The AAPS student chapter of the National University of Singapore organizes a symposium together with Monash University putting interdisciplinary research in the spotlight. The event takes place on the 23rd of September. What would be more inspiring than bright young minds presenting their vision of the future? Please watch out for the latest announcements of NUS Pharmacy.
Our latest research article on drug release testing of a long-acting depot formulation was just accepted by the International Journal of Pharmaceutics. This is great work by the young first author Ge Fiona Gao. One year ago she won a Best Abstract Award of the AAPS Annual Meeting, now she has done a tremendous job showing the influences of the physiological environment on formulations that remain at the injection site for several weeks. The release assay elucidated the influence of proteins on microparticle release and how they affect discrimination between different batches of drug products. Even without affecting solubility, proteins stabilize particles and may affect the performance in the subcutaneous tissue. A mechanistic model helped us to understand the influences of such parameters and formulation characteristics on pharmacokinetics. Why does it matter? Without understanding what are the major drivers of drug release there will always be a high risk of failure when testing new long-acting therapeutics for chronic diseases.
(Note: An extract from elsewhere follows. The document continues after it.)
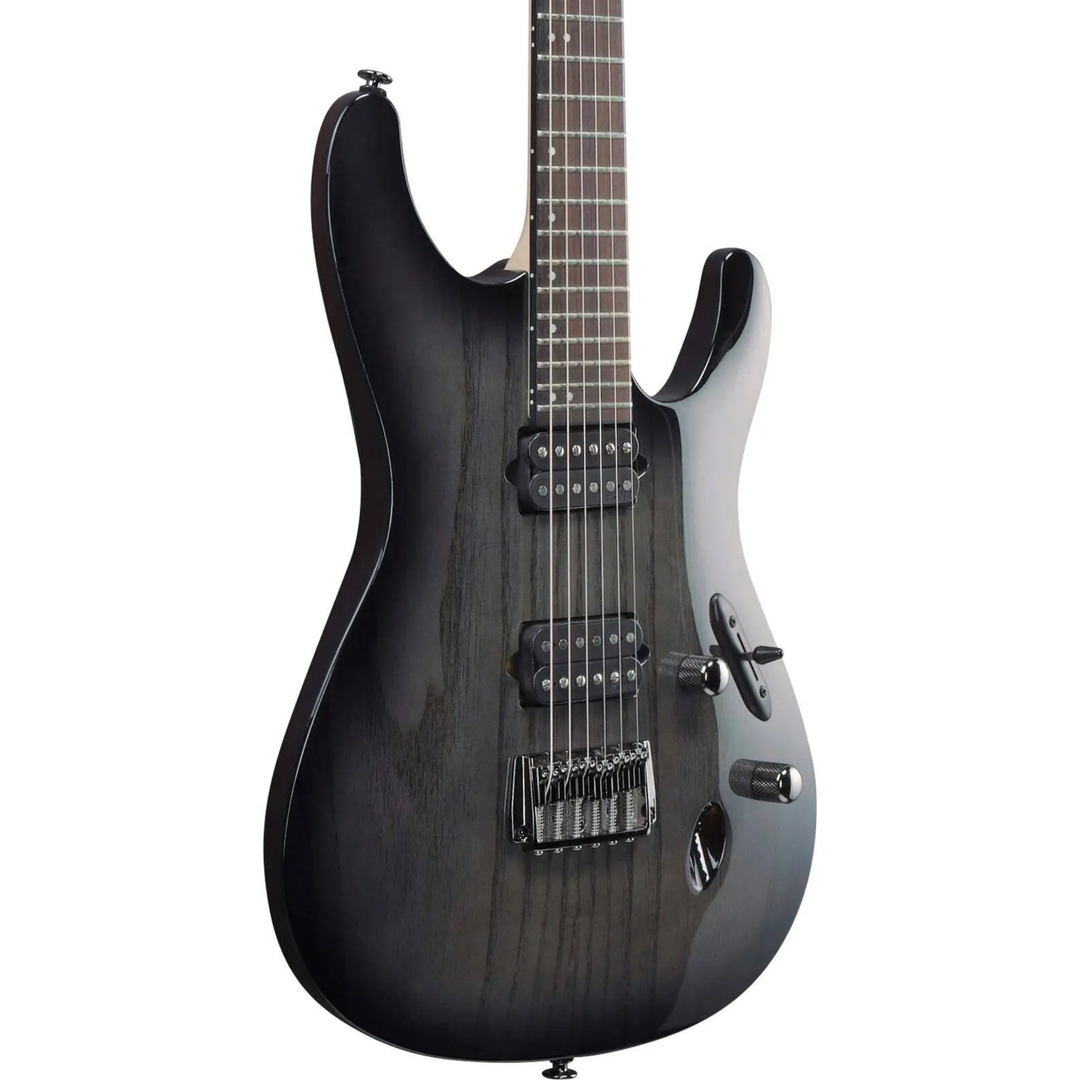 Ibanez S6621AHTGB S Prestige Electric Guitar (Transparent Gray Burst)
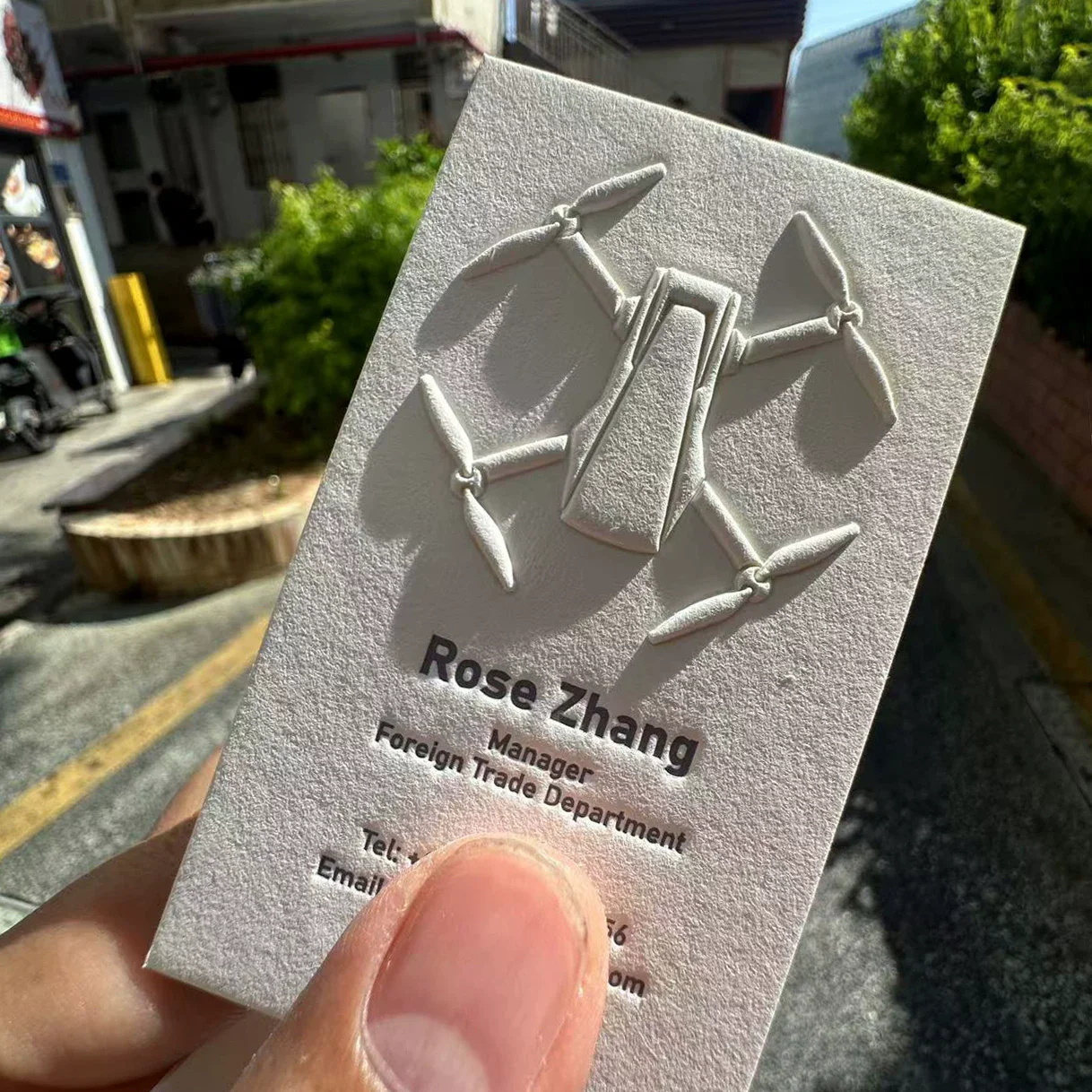3D mbossed tissue paper, raised and pressed concave, hot stamped concave, customized light luxury style card design and product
Today, our manuscript on the Physiologically-based Nanocarrier Biopharmaceutics (PBNB) Model was finally accepted for publication by the European Journal of Pharmaceutics and Biopharmaceutics. I explained the purpose of this model in my talk during the Explain-My-Research Virtual Conference in May 2020 and will go more into detail during a Live Webinar organized by Malvern Panalytical in July. Rather than providing a ‘convenient fit’ only, the model is designed to link the pharmacokinetics of nanocarriers to a physiologically-based distribution. Interesting parameters you may obtain with this model are, for example, the targeting capability and the mean residence time of the nanocarrier in the blood plasma. A lowered plasma concentration often indicates that more drug has been released from the carrier and is not available for targeting any more. The PBNB model recognizes such changes and calculates how much carrier-bounded drug is accumulated before this release happens. Expressed as a fraction of the total dose, this is the targeting capability (Ftarget) . The mean residence time of the carrier (MRTc) in the blood plasma indicates how much time the delivery system had for this accumulation process and is a marker for targeting accuracy.